(Data extracted from a collection)
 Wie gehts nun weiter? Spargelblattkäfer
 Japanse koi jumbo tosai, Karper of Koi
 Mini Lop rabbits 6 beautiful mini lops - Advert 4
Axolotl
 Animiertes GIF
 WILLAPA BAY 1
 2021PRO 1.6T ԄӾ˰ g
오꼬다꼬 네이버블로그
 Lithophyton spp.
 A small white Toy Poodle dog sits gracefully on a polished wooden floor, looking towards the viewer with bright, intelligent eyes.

==

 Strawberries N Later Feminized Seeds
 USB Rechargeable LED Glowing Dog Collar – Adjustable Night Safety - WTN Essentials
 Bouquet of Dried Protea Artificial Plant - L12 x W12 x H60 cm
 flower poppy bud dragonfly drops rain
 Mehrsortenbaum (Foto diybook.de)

* * *

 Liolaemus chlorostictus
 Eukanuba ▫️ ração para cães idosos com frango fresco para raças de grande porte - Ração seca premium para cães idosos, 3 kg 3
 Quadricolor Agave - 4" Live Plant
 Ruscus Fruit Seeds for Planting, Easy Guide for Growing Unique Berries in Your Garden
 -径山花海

■ Task goal ■
All lines in the data above from the one with "Wie gehts nun weiter? Spargelblattkäfer" through the one with "A small white" must be repeated exactly, and no others.

■ Task solution ■
 Wie gehts nun weiter? Spargelblattkäfer
 Japanse koi jumbo tosai, Karper of Koi
 Mini Lop rabbits 6 beautiful mini lops - Advert 4
Axolotl
 Animiertes GIF
 WILLAPA BAY 1
 2021PRO 1.6T ԄӾ˰ g
오꼬다꼬 네이버블로그
 Lithophyton spp.
 A small white Toy Poodle dog sits gracefully on a polished wooden floor, looking towards the viewer with bright, intelligent eyes.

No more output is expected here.